Once touted as among the fastest-growing specialties in financial services, the future of carbon trading remains bleak as U.N. climate change negotiations have largely stalled since Copenhagen with no prospect that the Kyoto Protocol will be extended in Durban. According to the London Telegraph (12/4/11) global carbon trading has also fallen prey to criminal racketeering.  Over 100 people have now been arrested in Europe for various schemes bilking investors and taxpayers, involving the “recycling” of already claimed carbon credits and outright theft of others.
“Such flagrant corruption is all the more reason to put an end to carbon trading,” noted John E. Peck, executive director of Family Farm Defenders. “Such commodification of pollution has been a false solution to climate change since the beginning, It just allows those responsible for greenhouse gas emissions to evade responsibility and shift their burden onto current taxpayers and future generations.  Worse yet, carbon trading does not require any actual emission reduction – instead, it just creates another fictitious shell game commodity market ripe for corporate speculation.”

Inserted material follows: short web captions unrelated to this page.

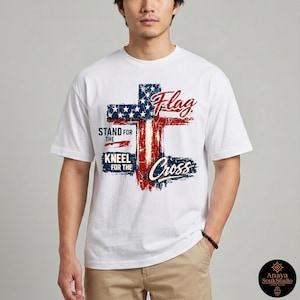 Puede incluir: Camiseta blanca con un dise&ntilde;o de cruz de la bandera estadounidense desgastada. El dise&ntilde;o incorpora elementos rojos y azules con las palabras "Flag", "Stand for the", "Kneel for the" y "Cross".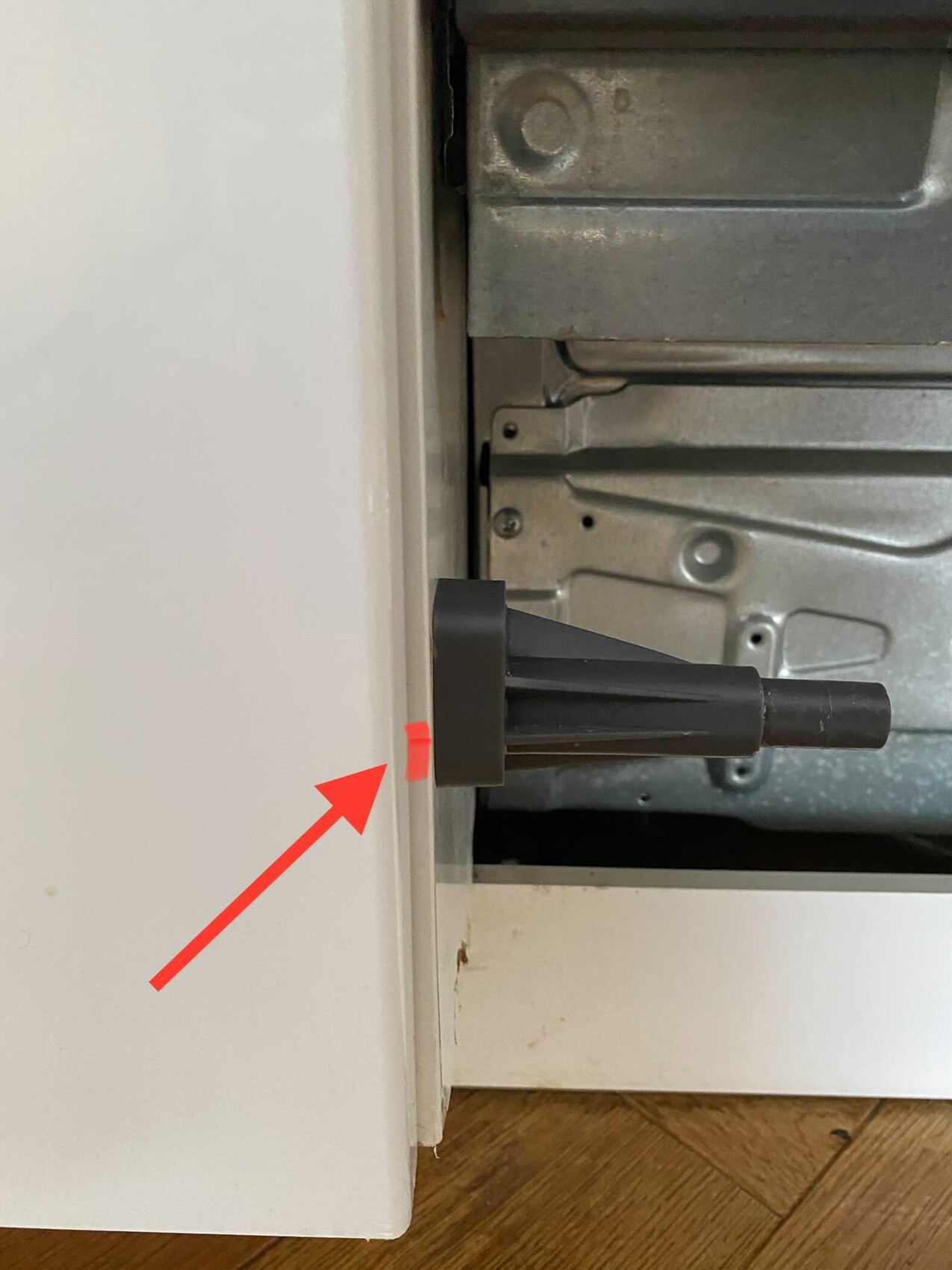 Schwarzes Kunststoffteil ragt durch eine Metallinnenwand; roter Klebestreifen markiert Rand.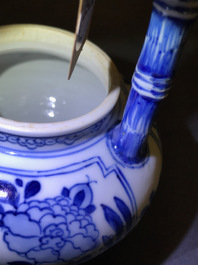 A Chinese blue and white gate-handled teapot and cover, Kangxi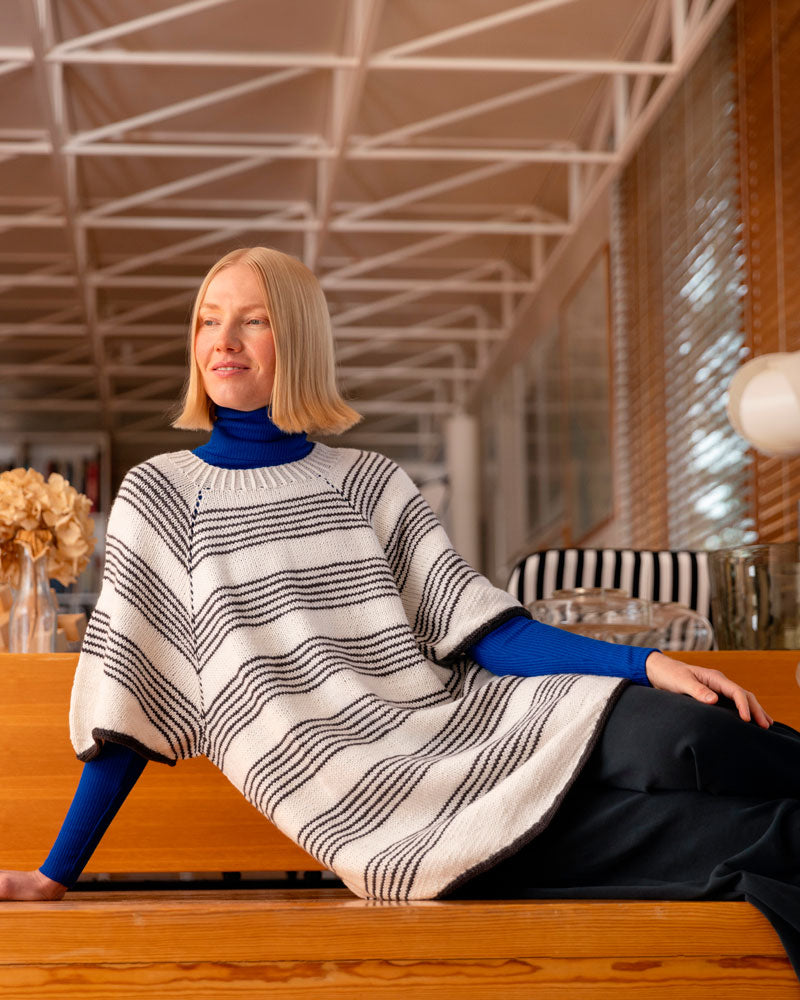Woman sitting on a wooden bench wearing a striped sweater and blue turtleneck in a modern indoor setting.
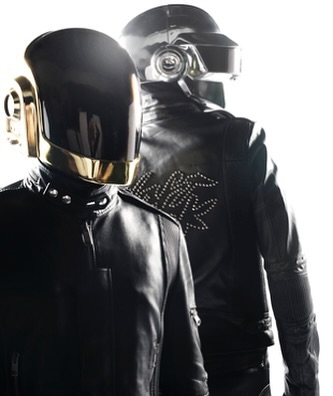 Two musicians wear Daft Punk-style helmets and black leather jackets, standing in a brightly lit, neutral setting.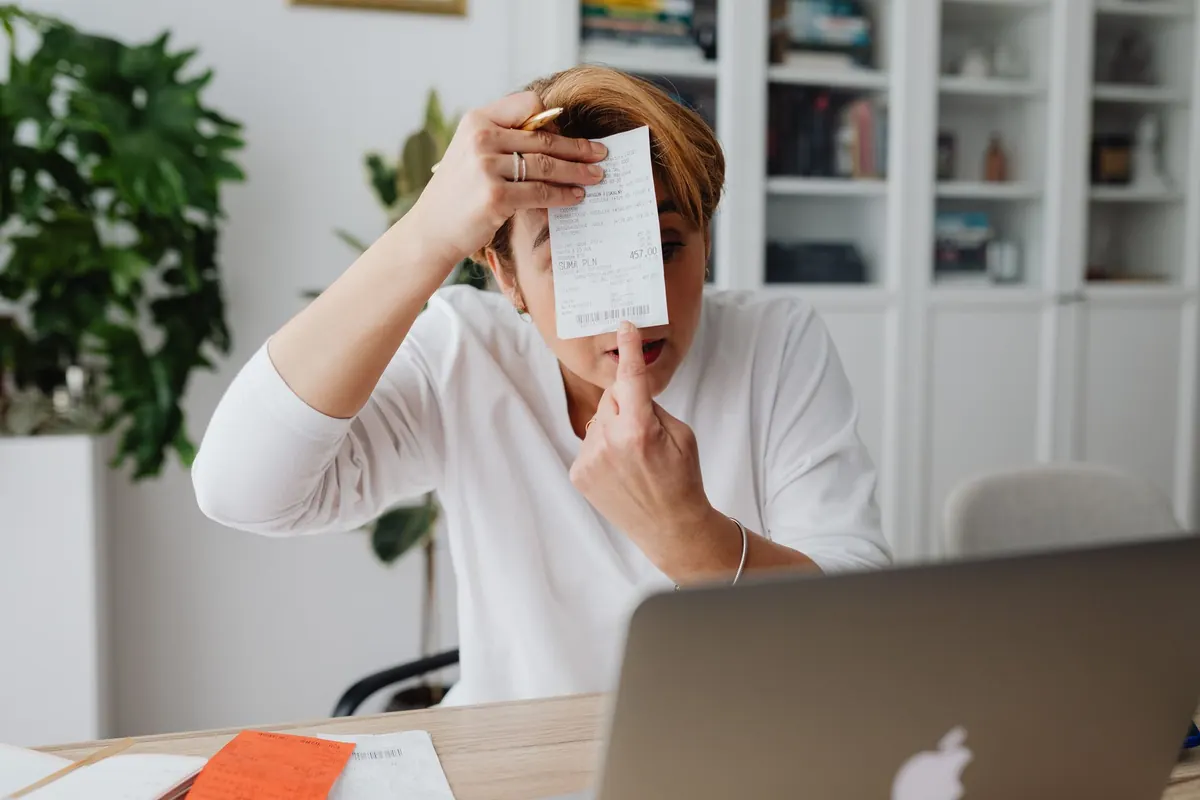 A freelancer at a home office desk checks invoices on a laptop next to a notebook and a cup of coffee.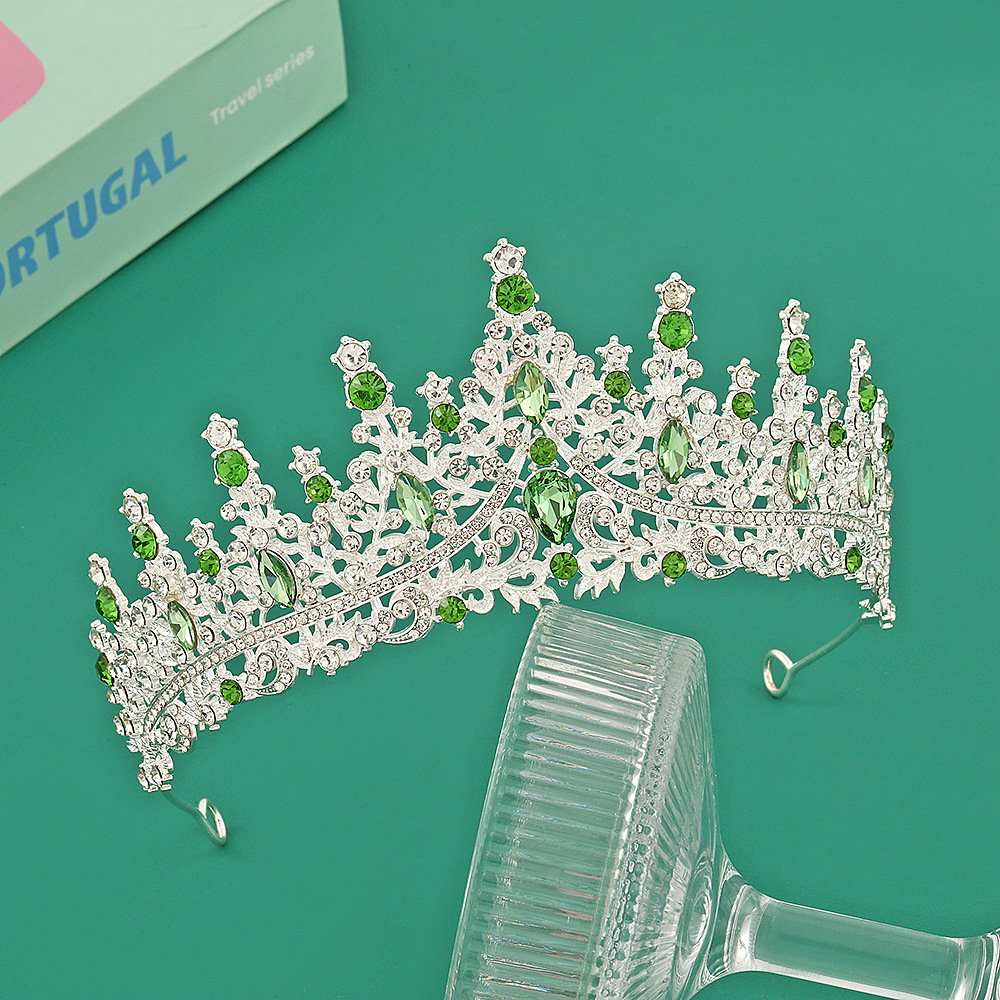 Corona de plata + diamante verde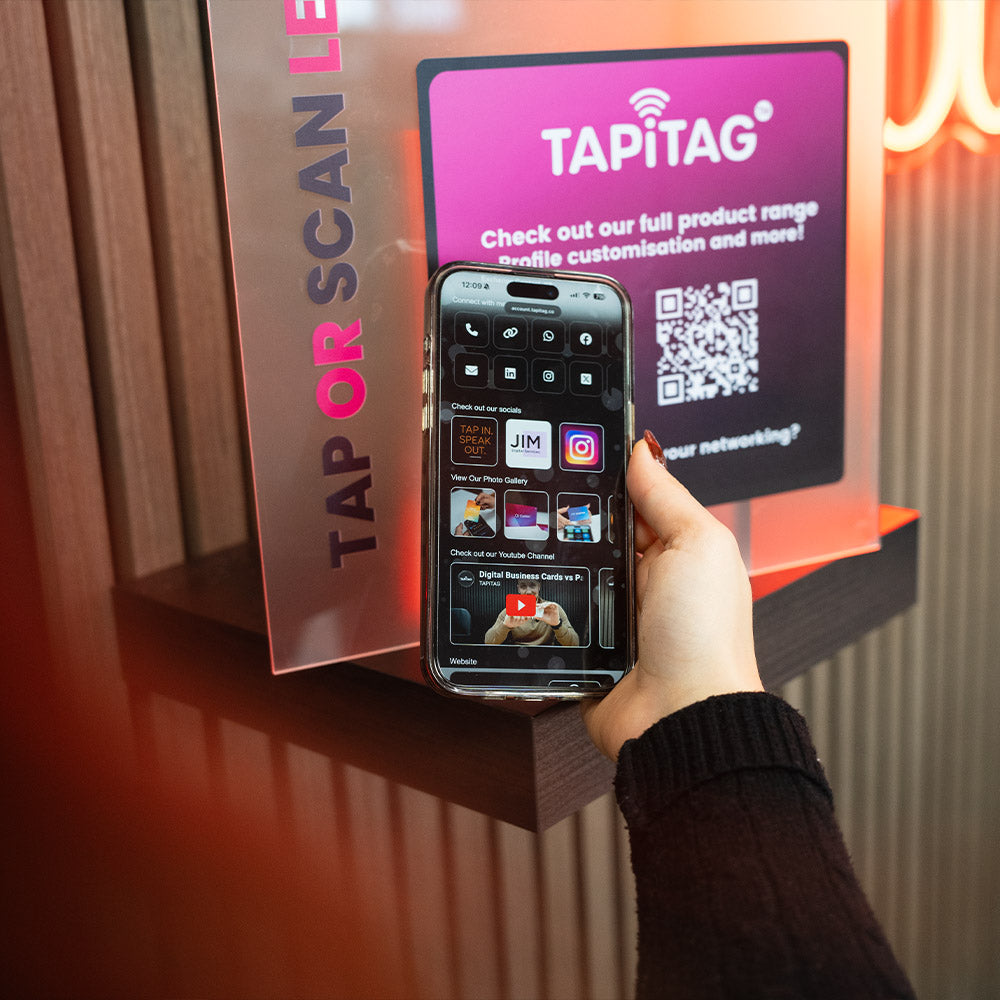 Hand holding a phone to scan a QR code on a Tapitag display.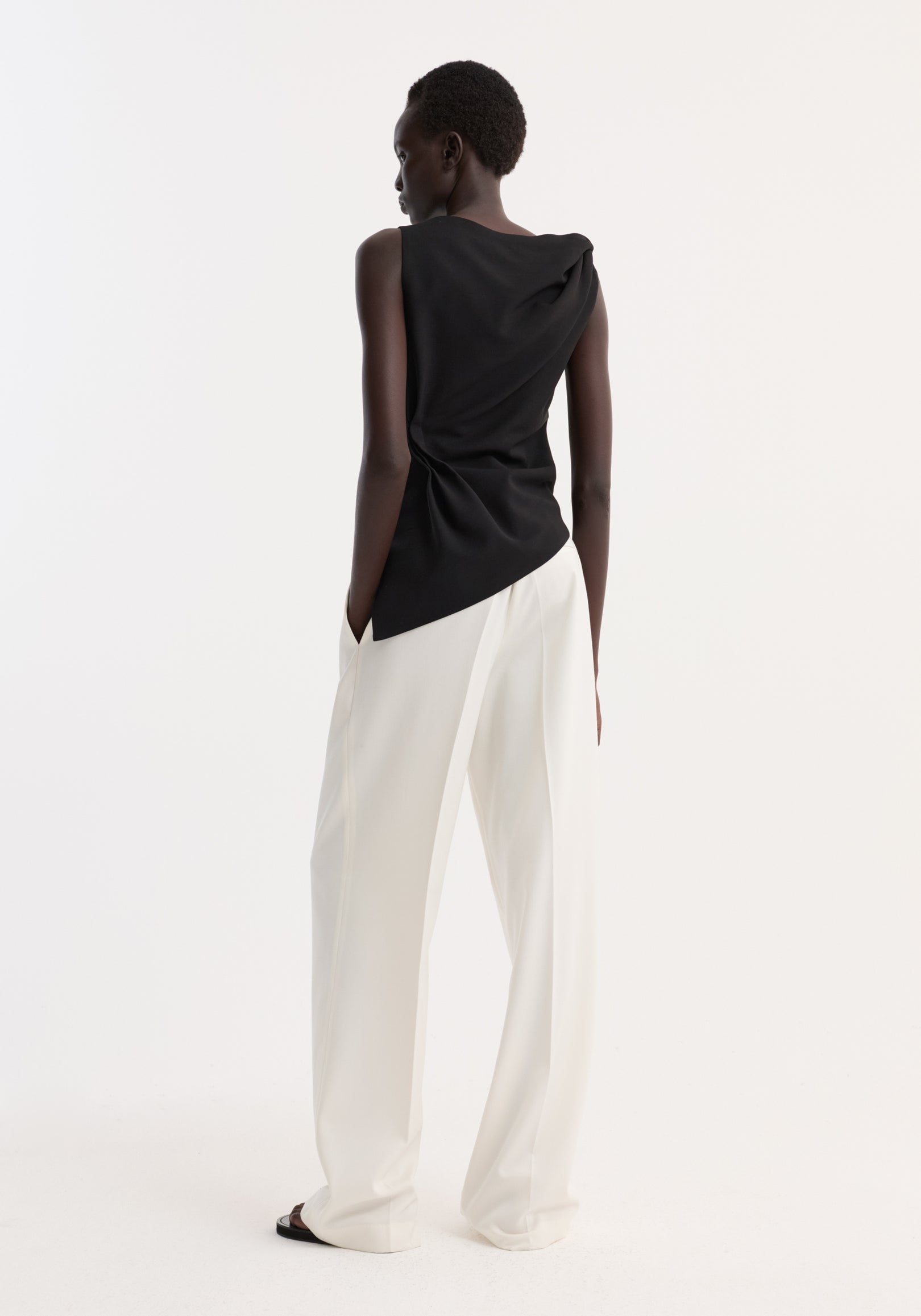 Model in Draped linen silk top | black, featuring a twist detail and boat neck, paired with high-waisted trousers, hands in pockets, showcasing an asymmetrical silhouette.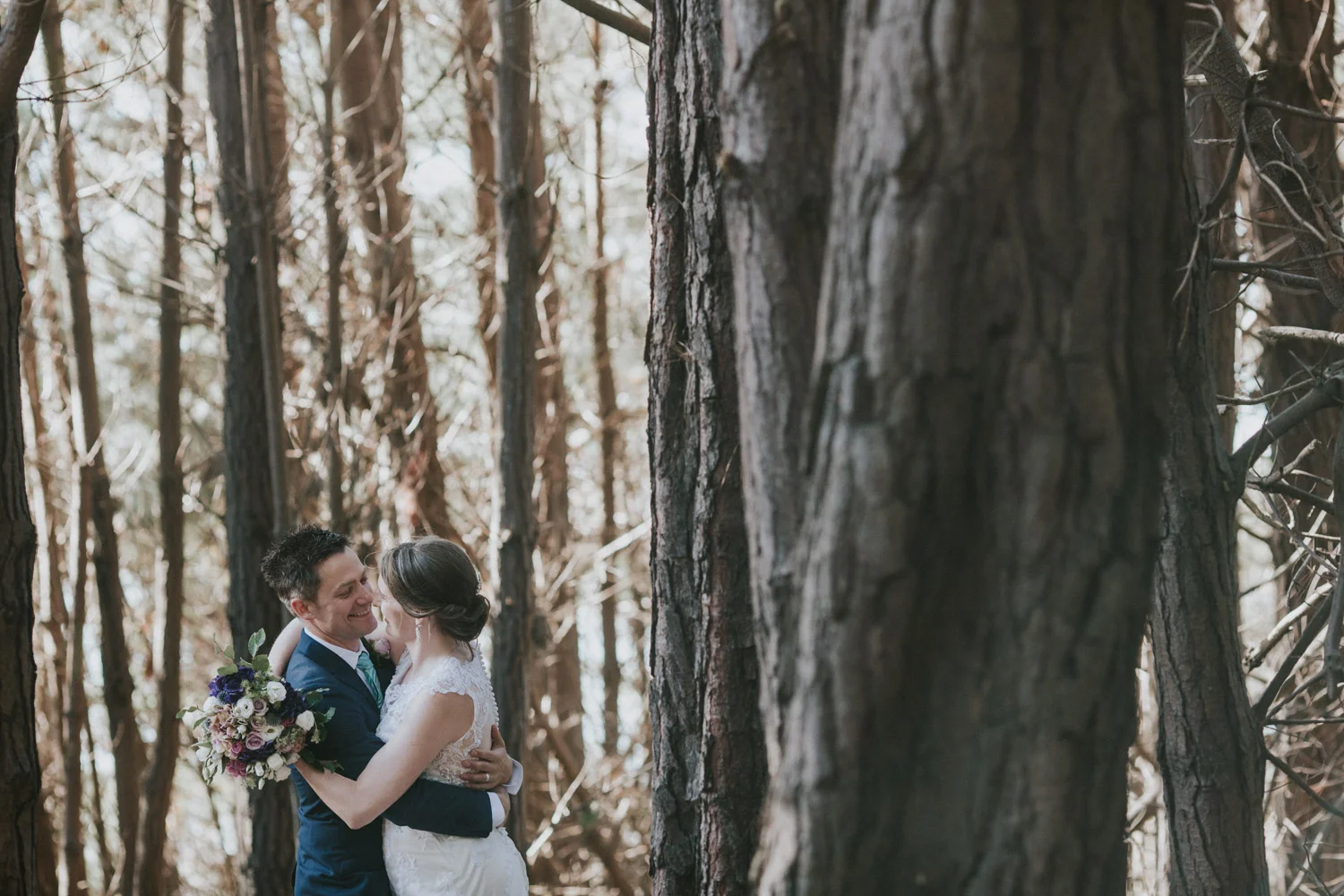 Bride and groom cuddling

Rising Tide North America, founded over a decade ago, noted in its 2011 International Political Statement that “corporate-friendly and state-sponsored ‘solutions’ to climate change are utterly failing to solve the climate crisis. The current international climate negotiations are flawed and unjust because they are based on the interests of a neo-liberal capitalist globalization that seeks to benefit richer countries and corporations.”  Rising Tide North American shares the assessment of many other climate justice advocates across the globe that carbon trading is just a form of modern-day colonialism.

Joined by supporters of Occupy Chicago, climate justice advocates also plan to invoke the spirit of Charles Dickens by presenting lumps of coal to the worst 1% of corporate scrooges who now profit off the carbon trading conducted within the bowels of the CME.

It is time to say no to a corrupt system that rewards the biggest polluters with a mafia style protection racket that forces victims to pay off the perpetrators of climate injustice.
Pollution is a gross violation of human rights, not just another commodity to be privately traded.   No more green capitalism!  Our carbon is not for sale!